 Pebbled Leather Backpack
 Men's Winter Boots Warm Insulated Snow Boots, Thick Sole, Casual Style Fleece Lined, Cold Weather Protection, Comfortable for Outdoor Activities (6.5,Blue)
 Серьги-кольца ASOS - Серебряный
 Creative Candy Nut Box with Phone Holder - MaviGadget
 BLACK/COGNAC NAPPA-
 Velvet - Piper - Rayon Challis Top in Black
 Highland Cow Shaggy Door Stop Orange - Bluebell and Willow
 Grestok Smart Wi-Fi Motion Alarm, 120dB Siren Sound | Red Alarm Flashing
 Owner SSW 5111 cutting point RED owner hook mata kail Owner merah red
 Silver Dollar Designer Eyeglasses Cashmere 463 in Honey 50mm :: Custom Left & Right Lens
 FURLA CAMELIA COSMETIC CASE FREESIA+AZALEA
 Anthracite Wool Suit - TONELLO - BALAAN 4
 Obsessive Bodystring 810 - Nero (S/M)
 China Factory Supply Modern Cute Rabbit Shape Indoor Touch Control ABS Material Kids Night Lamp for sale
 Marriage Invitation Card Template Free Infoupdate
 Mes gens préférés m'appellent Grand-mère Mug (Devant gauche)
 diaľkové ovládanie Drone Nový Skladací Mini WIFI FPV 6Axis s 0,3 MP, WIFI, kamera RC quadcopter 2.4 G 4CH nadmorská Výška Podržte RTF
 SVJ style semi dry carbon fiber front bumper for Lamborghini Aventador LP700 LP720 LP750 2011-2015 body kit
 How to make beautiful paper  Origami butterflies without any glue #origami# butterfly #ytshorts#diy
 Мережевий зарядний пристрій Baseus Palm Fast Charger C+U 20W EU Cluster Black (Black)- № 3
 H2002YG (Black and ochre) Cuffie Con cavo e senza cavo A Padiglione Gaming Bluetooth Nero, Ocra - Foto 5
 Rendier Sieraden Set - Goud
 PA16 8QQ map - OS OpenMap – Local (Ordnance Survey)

* **What you should do**
Copy each record above so that no word or mark differs.

* **Solution to the problem**
 Pebbled Leather Backpack
 Men's Winter Boots Warm Insulated Snow Boots, Thick Sole, Casual Style Fleece Lined, Cold Weather Protection, Comfortable for Outdoor Activities (6.5,Blue)
 Серьги-кольца ASOS - Серебряный
 Creative Candy Nut Box with Phone Holder - MaviGadget
 BLACK/COGNAC NAPPA-
 Velvet - Piper - Rayon Challis Top in Black
 Highland Cow Shaggy Door Stop Orange - Bluebell and Willow
 Grestok Smart Wi-Fi Motion Alarm, 120dB Siren Sound | Red Alarm Flashing
 Owner SSW 5111 cutting point RED owner hook mata kail Owner merah red
 Silver Dollar Designer Eyeglasses Cashmere 463 in Honey 50mm :: Custom Left & Right Lens
 FURLA CAMELIA COSMETIC CASE FREESIA+AZALEA
 Anthracite Wool Suit - TONELLO - BALAAN 4
 Obsessive Bodystring 810 - Nero (S/M)
 China Factory Supply Modern Cute Rabbit Shape Indoor Touch Control ABS Material Kids Night Lamp for sale
 Marriage Invitation Card Template Free Infoupdate
 Mes gens préférés m'appellent Grand-mère Mug (Devant gauche)
 diaľkové ovládanie Drone Nový Skladací Mini WIFI FPV 6Axis s 0,3 MP, WIFI, kamera RC quadcopter 2.4 G 4CH nadmorská Výška Podržte RTF
 SVJ style semi dry carbon fiber front bumper for Lamborghini Aventador LP700 LP720 LP750 2011-2015 body kit
 How to make beautiful paper  Origami butterflies without any glue #origami# butterfly #ytshorts#diy
 Мережевий зарядний пристрій Baseus Palm Fast Charger C+U 20W EU Cluster Black (Black)- № 3
 H2002YG (Black and ochre) Cuffie Con cavo e senza cavo A Padiglione Gaming Bluetooth Nero, Ocra - Foto 5
 Rendier Sieraden Set - Goud
 PA16 8QQ map - OS OpenMap – Local (Ordnance Survey)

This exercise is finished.